**Directions for this task**
Would you go through the records below and copy each line with the string "Coffee"?

**Extracted data entries**
○ ○ ○ ○

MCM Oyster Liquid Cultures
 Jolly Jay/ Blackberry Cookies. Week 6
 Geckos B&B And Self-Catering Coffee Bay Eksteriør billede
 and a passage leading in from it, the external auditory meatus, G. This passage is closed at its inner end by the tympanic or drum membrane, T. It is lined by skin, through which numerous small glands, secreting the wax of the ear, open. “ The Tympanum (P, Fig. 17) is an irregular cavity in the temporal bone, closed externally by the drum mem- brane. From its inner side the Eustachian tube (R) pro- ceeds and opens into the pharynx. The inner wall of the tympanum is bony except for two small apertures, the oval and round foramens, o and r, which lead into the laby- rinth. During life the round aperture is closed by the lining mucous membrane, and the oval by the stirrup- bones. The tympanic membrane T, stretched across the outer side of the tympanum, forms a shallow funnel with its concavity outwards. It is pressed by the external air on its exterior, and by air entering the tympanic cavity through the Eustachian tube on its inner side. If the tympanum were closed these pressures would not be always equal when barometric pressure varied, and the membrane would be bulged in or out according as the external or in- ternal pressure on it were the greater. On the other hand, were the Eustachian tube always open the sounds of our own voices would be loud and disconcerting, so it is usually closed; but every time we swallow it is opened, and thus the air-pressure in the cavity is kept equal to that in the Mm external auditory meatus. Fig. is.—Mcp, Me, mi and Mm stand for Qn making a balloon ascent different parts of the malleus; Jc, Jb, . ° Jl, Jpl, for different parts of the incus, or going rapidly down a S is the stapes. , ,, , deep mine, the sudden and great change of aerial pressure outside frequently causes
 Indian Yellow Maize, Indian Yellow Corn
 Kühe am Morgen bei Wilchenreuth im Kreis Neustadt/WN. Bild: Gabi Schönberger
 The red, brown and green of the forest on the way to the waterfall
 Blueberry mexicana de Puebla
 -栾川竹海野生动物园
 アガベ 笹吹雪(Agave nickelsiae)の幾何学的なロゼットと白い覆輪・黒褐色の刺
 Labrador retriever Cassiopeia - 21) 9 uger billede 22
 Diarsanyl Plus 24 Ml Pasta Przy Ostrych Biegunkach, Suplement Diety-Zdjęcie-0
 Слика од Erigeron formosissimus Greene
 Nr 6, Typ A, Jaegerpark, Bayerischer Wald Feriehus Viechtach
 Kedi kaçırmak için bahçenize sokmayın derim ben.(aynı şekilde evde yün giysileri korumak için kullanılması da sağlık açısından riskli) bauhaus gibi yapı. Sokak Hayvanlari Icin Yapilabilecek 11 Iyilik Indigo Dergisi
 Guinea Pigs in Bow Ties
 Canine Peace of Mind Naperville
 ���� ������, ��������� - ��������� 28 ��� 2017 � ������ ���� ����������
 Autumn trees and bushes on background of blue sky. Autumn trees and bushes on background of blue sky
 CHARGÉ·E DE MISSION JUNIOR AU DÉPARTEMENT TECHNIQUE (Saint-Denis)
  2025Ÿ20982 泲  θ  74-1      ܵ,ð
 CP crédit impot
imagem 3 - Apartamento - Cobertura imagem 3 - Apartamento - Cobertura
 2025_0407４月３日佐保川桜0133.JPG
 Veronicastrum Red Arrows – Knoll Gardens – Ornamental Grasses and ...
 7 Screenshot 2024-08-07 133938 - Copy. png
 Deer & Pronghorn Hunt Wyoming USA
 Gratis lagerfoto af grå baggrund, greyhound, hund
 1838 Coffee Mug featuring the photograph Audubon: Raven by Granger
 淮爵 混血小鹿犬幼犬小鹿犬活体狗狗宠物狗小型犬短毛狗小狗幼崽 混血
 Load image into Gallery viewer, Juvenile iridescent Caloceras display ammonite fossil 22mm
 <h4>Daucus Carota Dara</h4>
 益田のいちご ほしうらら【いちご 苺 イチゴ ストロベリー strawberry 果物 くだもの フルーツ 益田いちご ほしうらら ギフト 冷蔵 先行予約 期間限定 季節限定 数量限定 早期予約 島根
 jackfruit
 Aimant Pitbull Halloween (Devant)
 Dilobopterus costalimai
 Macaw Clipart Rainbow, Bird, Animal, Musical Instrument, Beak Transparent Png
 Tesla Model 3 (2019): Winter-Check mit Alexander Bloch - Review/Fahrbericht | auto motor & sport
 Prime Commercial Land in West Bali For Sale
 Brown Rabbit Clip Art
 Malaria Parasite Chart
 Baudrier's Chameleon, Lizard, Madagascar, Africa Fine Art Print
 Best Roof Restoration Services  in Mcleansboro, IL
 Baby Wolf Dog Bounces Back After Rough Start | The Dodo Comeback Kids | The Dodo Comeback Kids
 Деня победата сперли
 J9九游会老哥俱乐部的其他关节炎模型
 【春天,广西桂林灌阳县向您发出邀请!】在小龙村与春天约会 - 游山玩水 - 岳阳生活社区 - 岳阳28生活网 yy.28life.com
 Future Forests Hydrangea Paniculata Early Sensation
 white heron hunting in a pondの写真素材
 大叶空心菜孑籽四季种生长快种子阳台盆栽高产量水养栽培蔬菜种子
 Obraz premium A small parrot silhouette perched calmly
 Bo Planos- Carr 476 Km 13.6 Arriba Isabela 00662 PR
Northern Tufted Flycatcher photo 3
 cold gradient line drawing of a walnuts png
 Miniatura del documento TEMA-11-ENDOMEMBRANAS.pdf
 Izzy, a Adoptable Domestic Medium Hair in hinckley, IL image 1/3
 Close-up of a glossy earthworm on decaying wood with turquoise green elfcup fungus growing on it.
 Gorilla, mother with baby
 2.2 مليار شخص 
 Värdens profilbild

○ ○ ○ ○

**Exercise response**
 Geckos B&B And Self-Catering Coffee Bay Eksteriør billede
 1838 Coffee Mug featuring the photograph Audubon: Raven by Granger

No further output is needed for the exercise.